This is a book of Tangram-like challenges that comes with 2 sets of pieces!
Front cover showing how the book is tied closed.
Title page with two sets of pieces in their wooden holder.
"Syvklodsspillet" means "the seven piece game."
Each set of pieces is about 6x5 cm which is smaller than the Richter set (about 9x7cm), but they are about as thick as the Richter pieces. The pieces are in very good, if not excellent, condition.
The pages have a "recycled" rag look and measure about 21x15 cm.
The holder for the pieces is made of wood painted blue and has a fold over blue flap made of the same material as the red cover.
There are 34 pages mostly with 3 puzzles per page. They are often themed in two-page spreads, but I can only fit one page on the scanner at a time. The pages are yellowed with age at top and bottom.
The puzzles were all designed by the Dane, H. Koch around the turn of the century. Obviously he had picked up one of Richter's Kreuzzenbrecher puzzles. The Danish version (I have one seen on the Richter puzzle page) came out in 1892 or before, since in the booklet for that it mentions 3 more puzzles will be introduced for Christmas 1892.
H. Koch found many of his own shapes for the pieces and made one book for his son with "men, women, and all the animals of paradise".
His son later became an architect and working with "Chamottestensfabrik", apparently a brick factory. A private printing was made of his father's original designs and titled "Syv Klods Spillet" ("The Seven Piece Game") which is the book shown on this page. These were apparently given away as gifts by the architectural firm and never offered on the public market. There is no date given.
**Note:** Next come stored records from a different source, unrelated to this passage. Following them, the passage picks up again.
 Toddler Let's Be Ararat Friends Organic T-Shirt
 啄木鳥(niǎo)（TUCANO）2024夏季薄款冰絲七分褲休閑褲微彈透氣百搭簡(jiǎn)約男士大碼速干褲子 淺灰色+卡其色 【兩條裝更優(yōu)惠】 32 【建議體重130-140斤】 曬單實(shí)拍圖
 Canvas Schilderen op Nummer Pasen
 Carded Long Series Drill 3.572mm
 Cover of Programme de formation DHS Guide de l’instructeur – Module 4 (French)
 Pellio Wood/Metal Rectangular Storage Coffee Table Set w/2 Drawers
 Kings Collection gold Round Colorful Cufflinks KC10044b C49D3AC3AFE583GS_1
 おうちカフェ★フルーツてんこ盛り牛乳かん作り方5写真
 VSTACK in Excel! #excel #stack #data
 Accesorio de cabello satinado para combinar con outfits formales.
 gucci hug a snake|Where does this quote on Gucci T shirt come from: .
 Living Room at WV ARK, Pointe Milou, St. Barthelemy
Animals pictured in this book include: a bear, turtle, beaver, hippopotamus, lions, elephants, peacocks, ducks, squirrels, rabbits, deer, ostriches, moles, cats, dogs, frogs, kangaroos, goldfish, swans, penguins, and other birds as well as many, many people.
The pictures are full size to match the pieces. In other words you can place the pieces directly on the images to more easily solve the puzzles. This is the best collection of tangram-like images I have ever seen.